Current rule configuration
<group name="performance_metric,">
<!-- CPU, Memory and Disk usage -->
<rule id="100054" level="3">
<decoded_as>general_health_check</decoded_as>
<description>CPU | MEMORY | DISK usage metrics</description>
</rule>
<!-- High memory usage -->
<rule id="100055" level="12" frequency="2" timeframe="300" ignore="7200">
<if_sid>100054</if_sid>
<field name="memory_usage_%" type="pcre2">^[8-9]\d|100</field>
<description>Memory usage is high: $(memory_usage_%)%</description>
<options>no_full_log</options>
</rule>
<!-- High CPU usage -->
<rule id="100056" level="12" frequency="2" timeframe="300" ignore="7200">
<if_sid>100054</if_sid>
<field name="cpu_usage_%" type="pcre2">^[8-9]\d|100</field>
<description>CPU usage is high: $(cpu_usage_%)%</description>
<options>no_full_log</options>
</rule>
<!-- High disk usage -->
<rule id="100057" level="12" frequency="2" timeframe="300" ignore="7200">
<if_sid>100054</if_sid>
<field name="disk_usage_%" type="pcre2">[8-9]\d|100</field>
<description>Disk space is running low: $(disk_usage_%)%</description>
<options>no_full_log</options>
</rule>
<!-- Load average check -->
<rule id="100058" level="3">
<decoded_as>load_average_check</decoded_as>
<description>load average metrics</description>
</rule>
<!-- memory check -->
<rule id="100059" level="3">
<decoded_as>memory_check</decoded_as>
<description>Memory metrics</description>
</rule>
<!-- Disk check -->
<rule id="100060" level="3">
<decoded_as>disk_check</decoded_as>
<description>Disk metrics</description>
</rule>
</group>
Issue
When one agent triggers the alert, email is sent successfully
If another agent exceeds the threshold within the ignore window, no email is sent within 2 hours (example: agent 1 disk storage up to 80% alert got within 2 hours agent 2 disk storage up to 80% not alert got)

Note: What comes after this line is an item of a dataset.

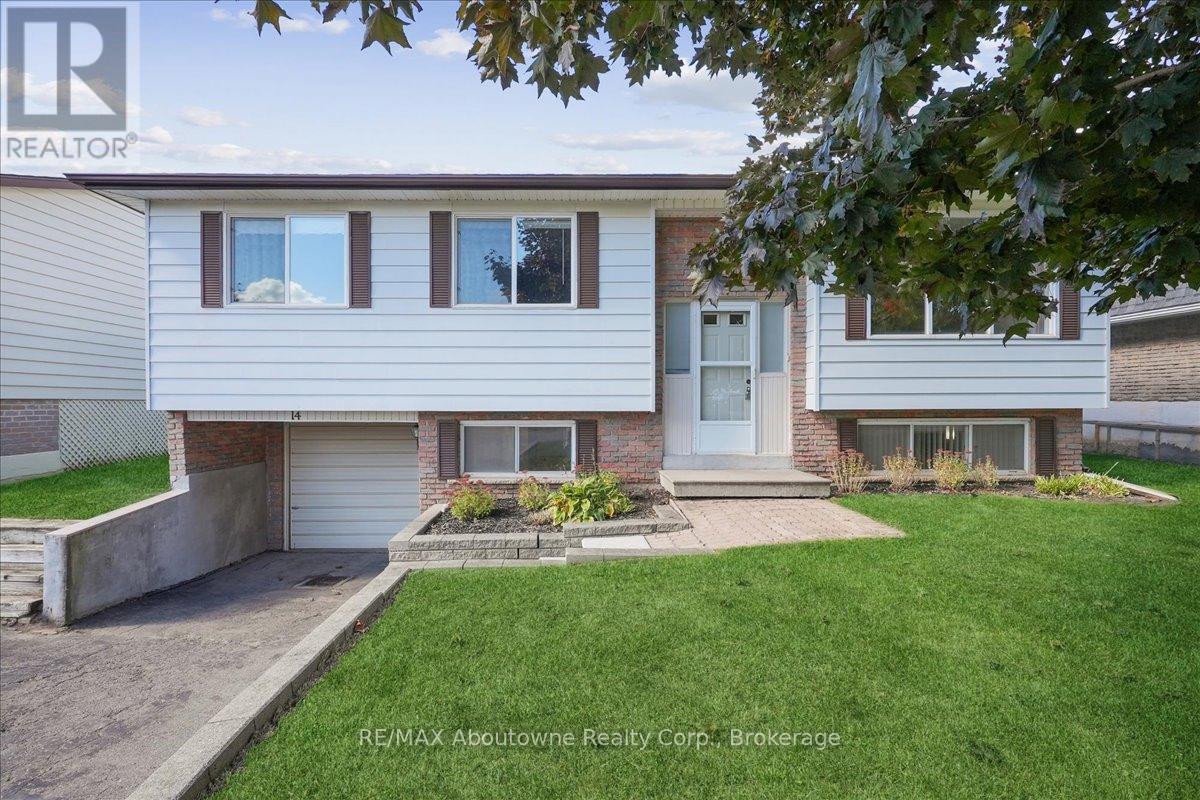 14 Norman Avenue, Halton Hills, Ontario  L7J 2R4 - Photo 2 - W12451487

If not used ignore continues mail receive that i not want
I understand ignore works globally per rule ID, but I need alerts to work independently per agent
Questions
Is there a supported way to suppress repeated alerts per agent instead of globally?
Is the recommended approach to avoid ignore for performance metrics and rely on frequency + timeframe?
Are there best practices for disk / CPU / memory alerting in multi-agent environments?
Any guidance or recommended design patterns would be appreciated.